— Study material —
--
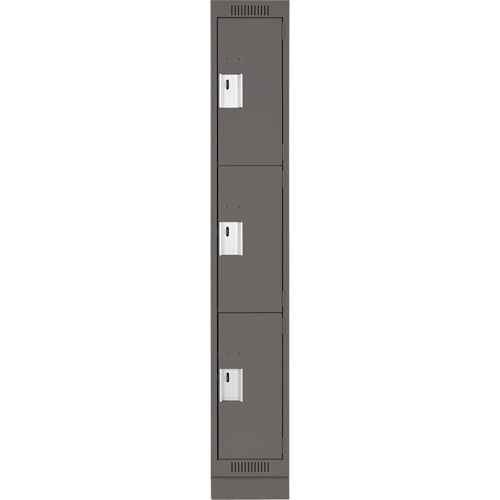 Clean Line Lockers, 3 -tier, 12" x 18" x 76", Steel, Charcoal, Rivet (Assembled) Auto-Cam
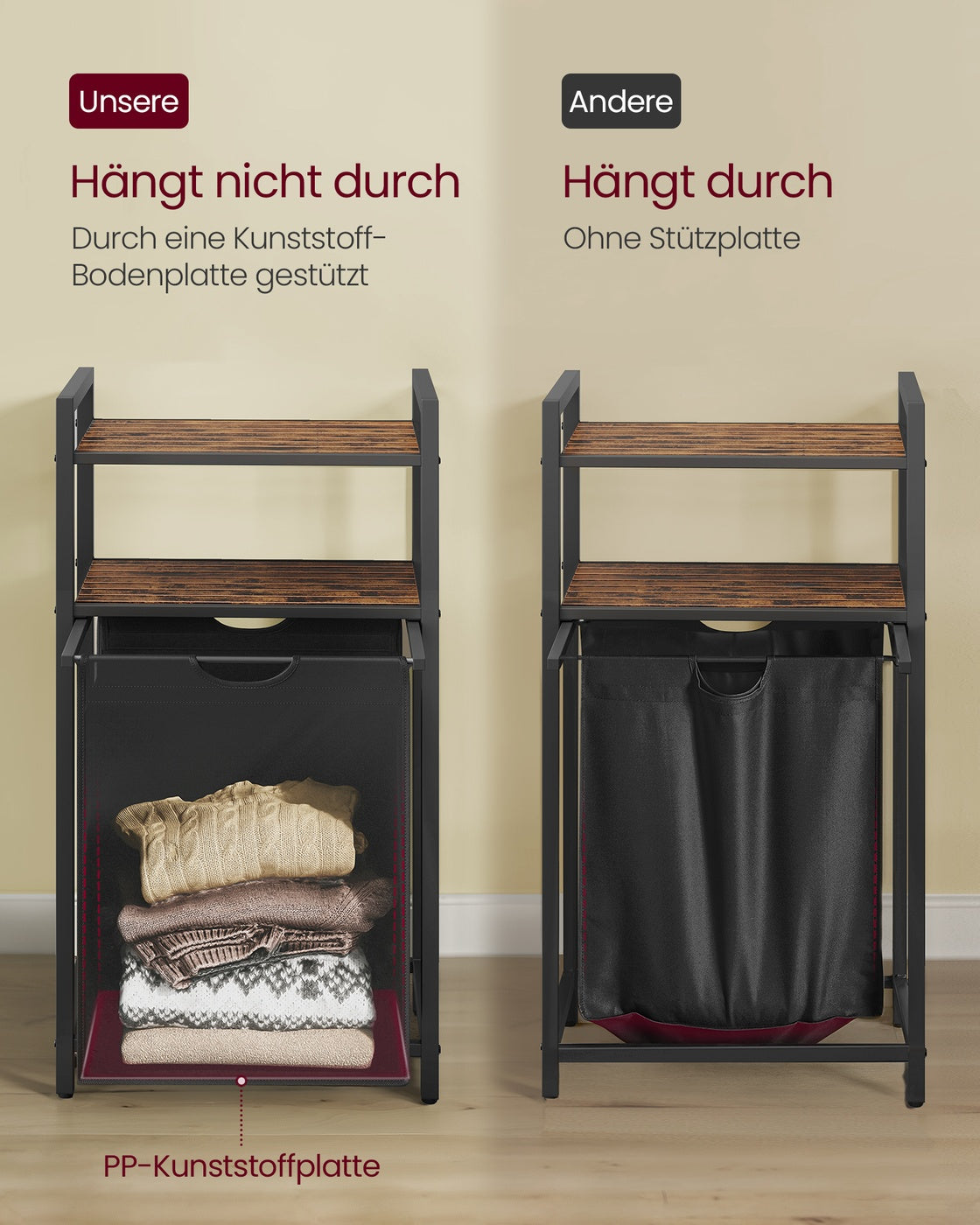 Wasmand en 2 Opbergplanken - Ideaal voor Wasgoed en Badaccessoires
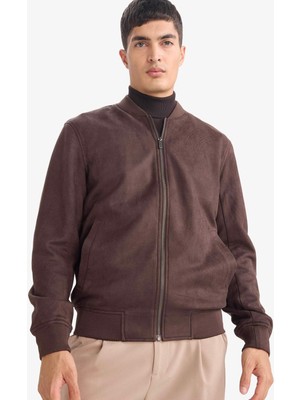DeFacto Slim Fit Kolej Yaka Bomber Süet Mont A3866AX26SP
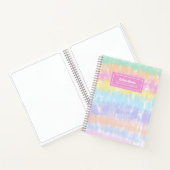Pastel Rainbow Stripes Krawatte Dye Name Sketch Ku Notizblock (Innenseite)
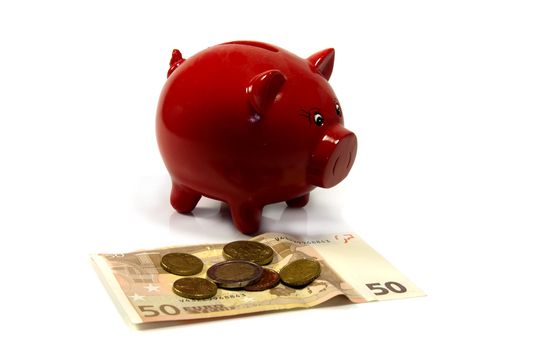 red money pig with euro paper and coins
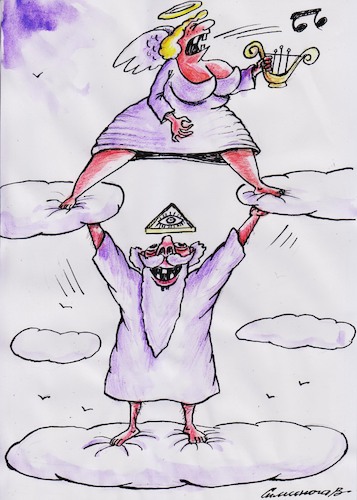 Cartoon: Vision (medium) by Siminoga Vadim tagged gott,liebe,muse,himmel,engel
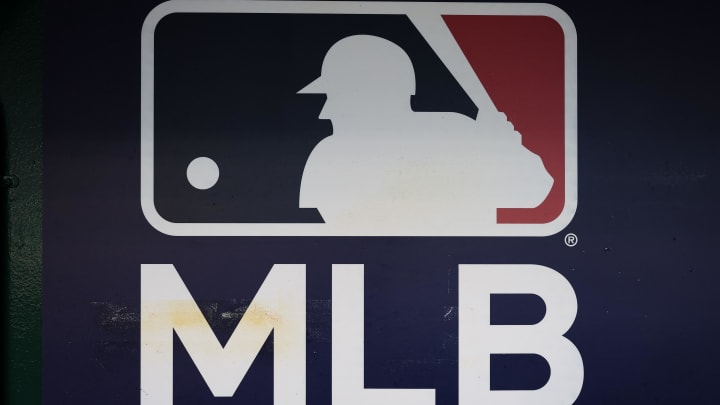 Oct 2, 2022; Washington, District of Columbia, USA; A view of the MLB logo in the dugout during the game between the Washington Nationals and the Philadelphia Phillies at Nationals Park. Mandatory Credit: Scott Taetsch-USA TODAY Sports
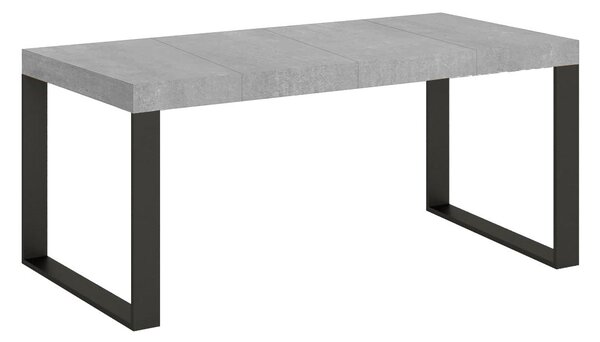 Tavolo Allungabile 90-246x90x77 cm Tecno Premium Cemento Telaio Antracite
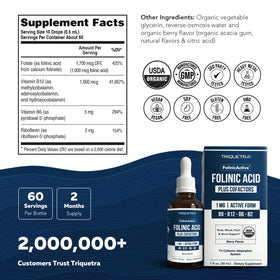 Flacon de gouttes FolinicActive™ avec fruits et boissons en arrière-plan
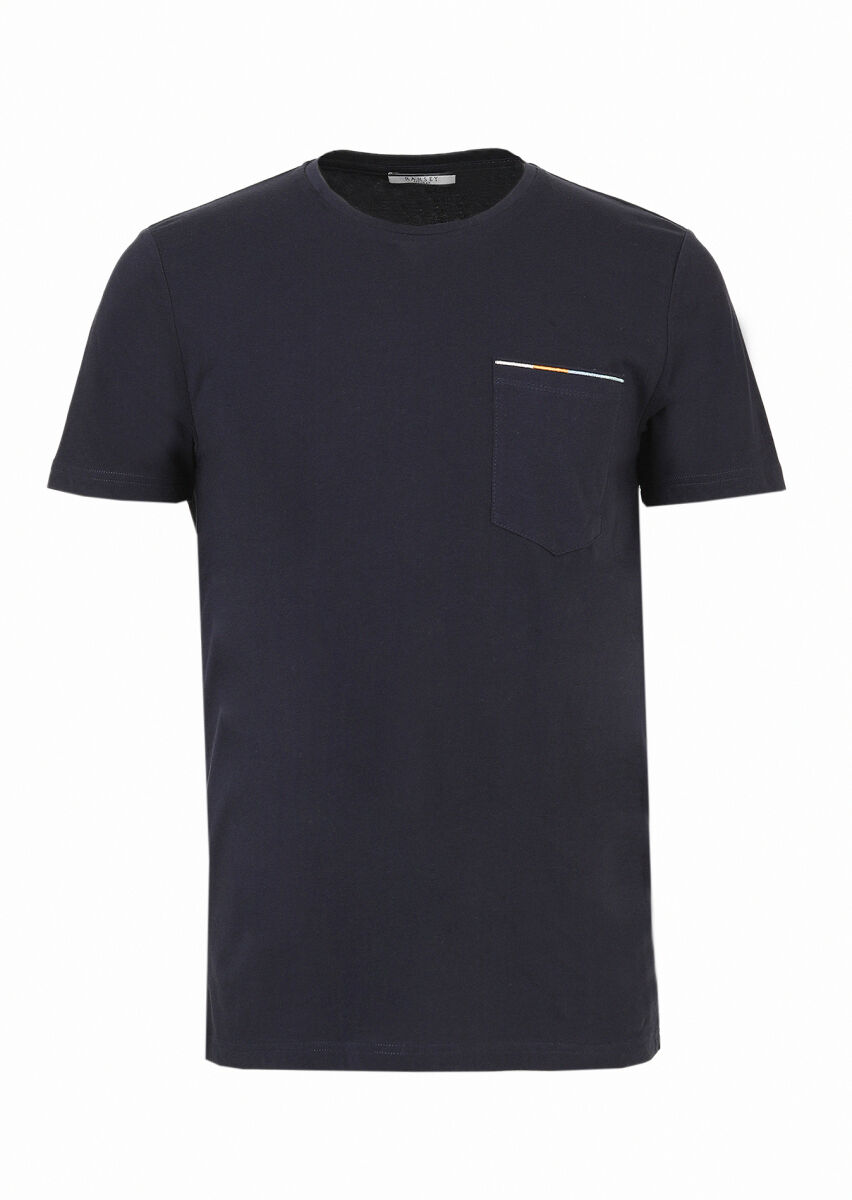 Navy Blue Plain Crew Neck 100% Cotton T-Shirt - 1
--
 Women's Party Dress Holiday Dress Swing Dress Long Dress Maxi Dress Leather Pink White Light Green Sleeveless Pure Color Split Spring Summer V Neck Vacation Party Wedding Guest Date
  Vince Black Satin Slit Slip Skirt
--
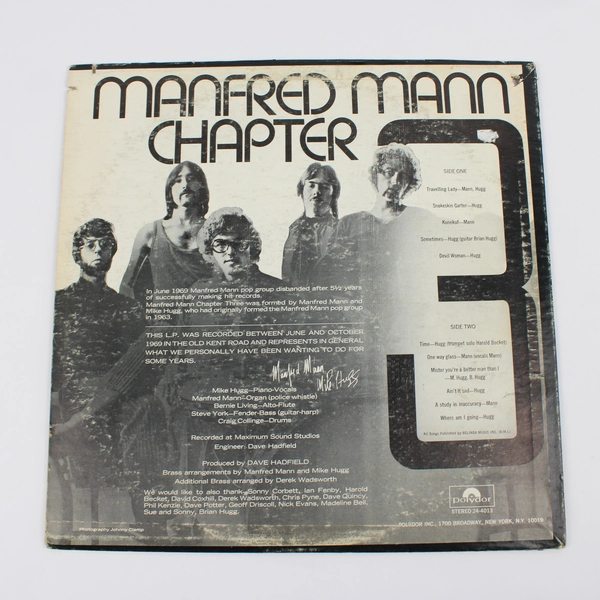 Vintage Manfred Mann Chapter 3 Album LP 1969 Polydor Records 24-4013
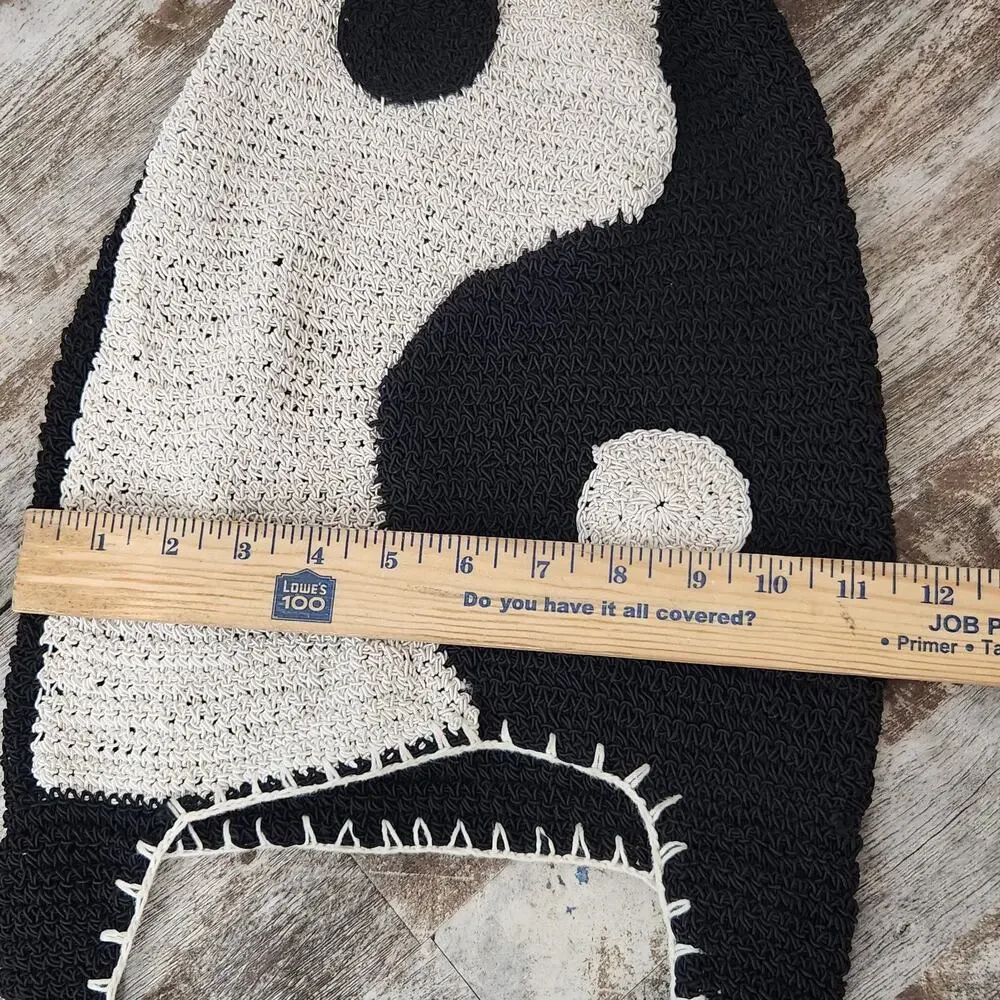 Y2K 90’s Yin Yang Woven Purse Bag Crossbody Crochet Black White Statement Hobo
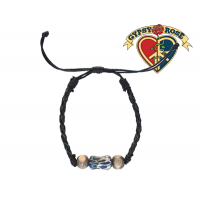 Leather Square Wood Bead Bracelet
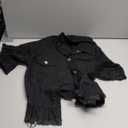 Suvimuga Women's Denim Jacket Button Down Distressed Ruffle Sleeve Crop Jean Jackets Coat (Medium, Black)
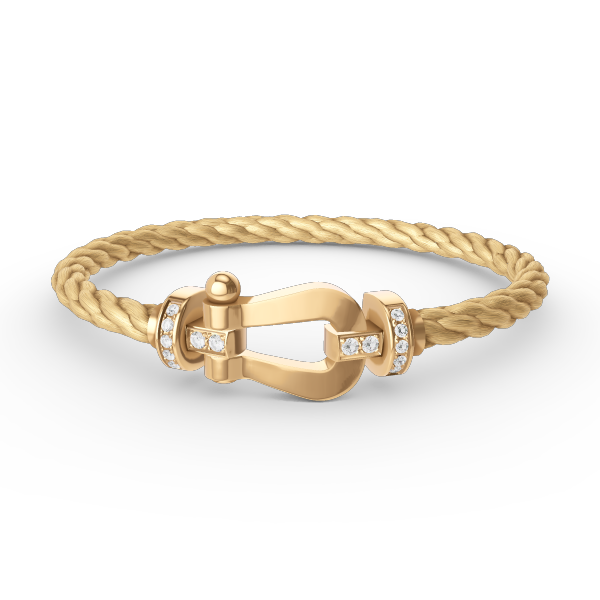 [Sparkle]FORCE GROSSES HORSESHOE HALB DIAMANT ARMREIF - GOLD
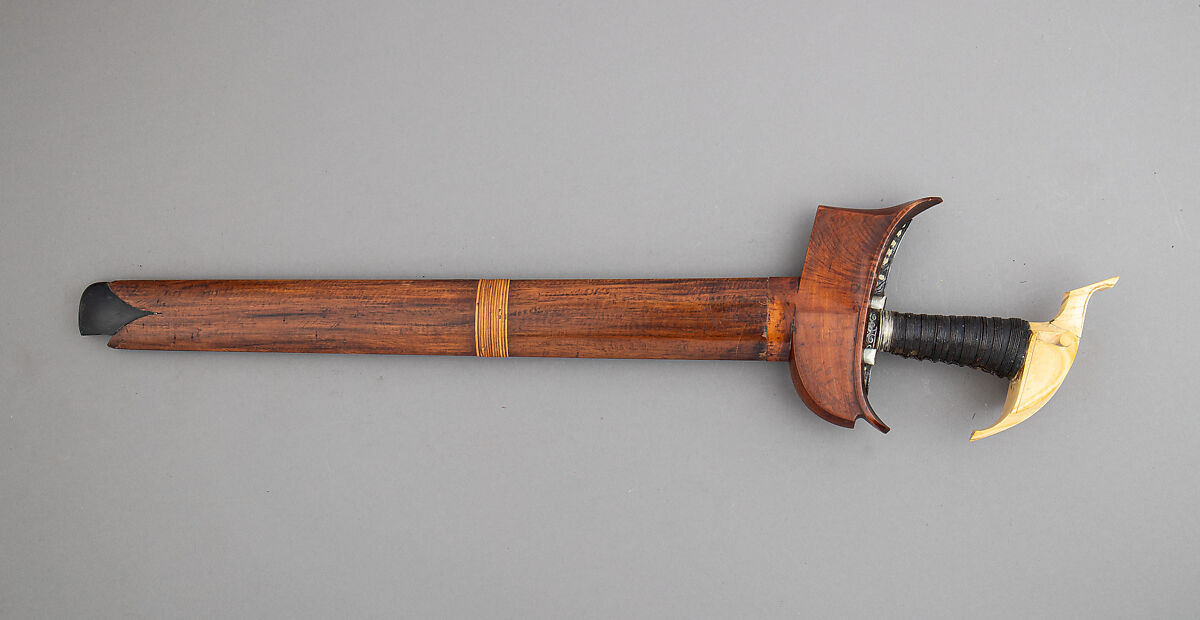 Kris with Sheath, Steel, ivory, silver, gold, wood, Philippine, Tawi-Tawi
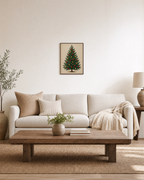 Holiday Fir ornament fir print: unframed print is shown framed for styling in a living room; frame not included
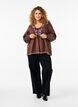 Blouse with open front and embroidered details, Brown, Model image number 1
--
— Task —
Of the lines above, quote exactly those from the one with "red money pig with euro paper and coins" through the one with "Flacon de gouttes", ends included; pictures stay out.

— Solution for this exercise —
 red money pig with euro paper and coins
 Cartoon: Vision (medium) by Siminoga Vadim tagged gott,liebe,muse,himmel,engel
 Oct 2, 2022; Washington, District of Columbia, USA; A view of the MLB logo in the dugout during the game between the Washington Nationals and the Philadelphia Phillies at Nationals Park. Mandatory Credit: Scott Taetsch-USA TODAY Sports
 Tavolo Allungabile 90-246x90x77 cm Tecno Premium Cemento Telaio Antracite
 Flacon de gouttes FolinicActive™ avec fruits et boissons en arrière-plan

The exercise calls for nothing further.